Adelson Called to the Table
June 4, 2012 4:05 pm
“The National Labor Relations Board has ordered the Sands Casino Resort Bethlehem to begin bargaining with its 130 security guards as a labor union. Pending an appeal to a federal court, Local 777 would become the first union in Las Vegas Sands’ $35-billion gaming empire.The NLRB ruling, dated Wednesday, says Sands engaged in unfair labor practices by refusing to bargain with the guards, and ordered casino officials to recognize that the guards are a union. “
As stated, the NLRB opinion confirms the bargaining power of Local 777, a union of security personnel at the Sands Casino Resort in Bethlehem, PA. Assad reports: “The guards in Bethlehem first asked to seek certification in May 2011 and voted in July to unionize. They called themselves Local 777, the so-called lucky numbers Sands uses in its address and phone number.”
Adelson, worth a reported 24.9 billion, sits at the head of a global gambling empire. Shares of Adelson’s company, the Las Vegas Sands Corporation, have jumped 3700% since their recession lows, and his personal fortune is up 21.5 billion, due in part to its hugely profitable casinos in Macau and Singapore (pictured above).

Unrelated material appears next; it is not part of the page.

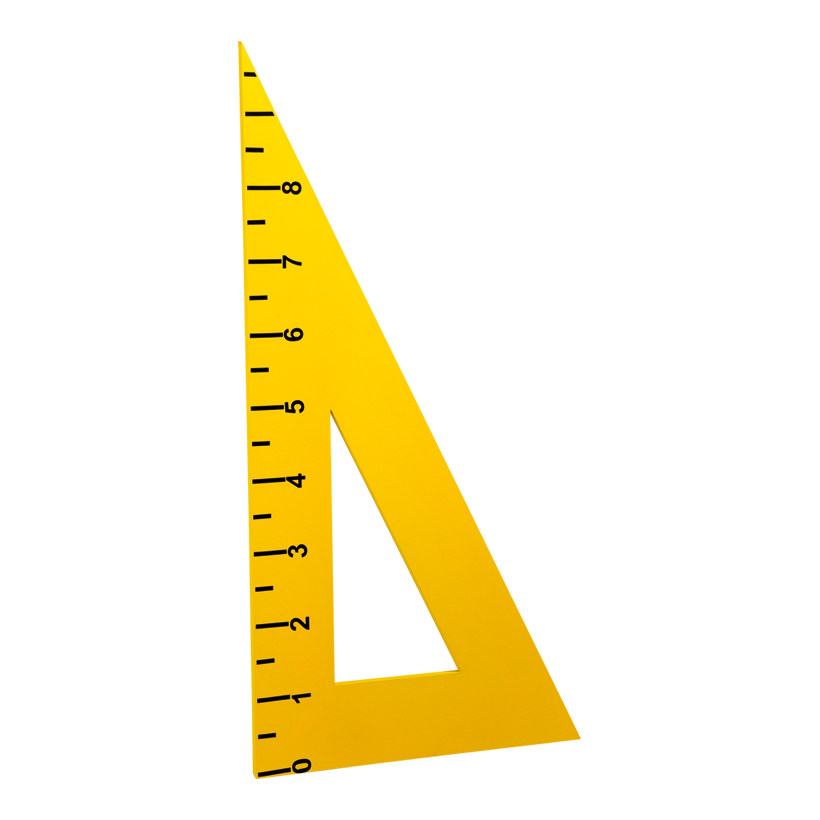 Triangulär linjal 120x60cm, styrodur vattenavvisande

Adelson has built his fortune on the backs of unorganized labor, and his anti-union stance was integral to his support of former Republican Presidential Candidate Newt Gingrich.
Adelson backed a Gingrich super PAC to the tune of 20 million dollars during that candidate’s unsuccessful run. From the New York Times profile on Adelson: “..the two men shared a conservative philosophy on matters important to Mr. Adelson’s businesses, including limiting the ability of labor unions to deduct money from members’ paychecks for political activities.” Adelson recently donated $250,000 to embattled Wisconsin Governor Scott Walker and has been meeting with presumed Republican Candidate Mitt Romney in recent day, and his dabbling in electoral politics is undoubtedly meant to curtail the inconvenience of bargaining with his workers.
Sands’ counsel will appeal the NLRB’s decision to federal appeals court in Washington D.C. Let’s hope the smart money is on 777.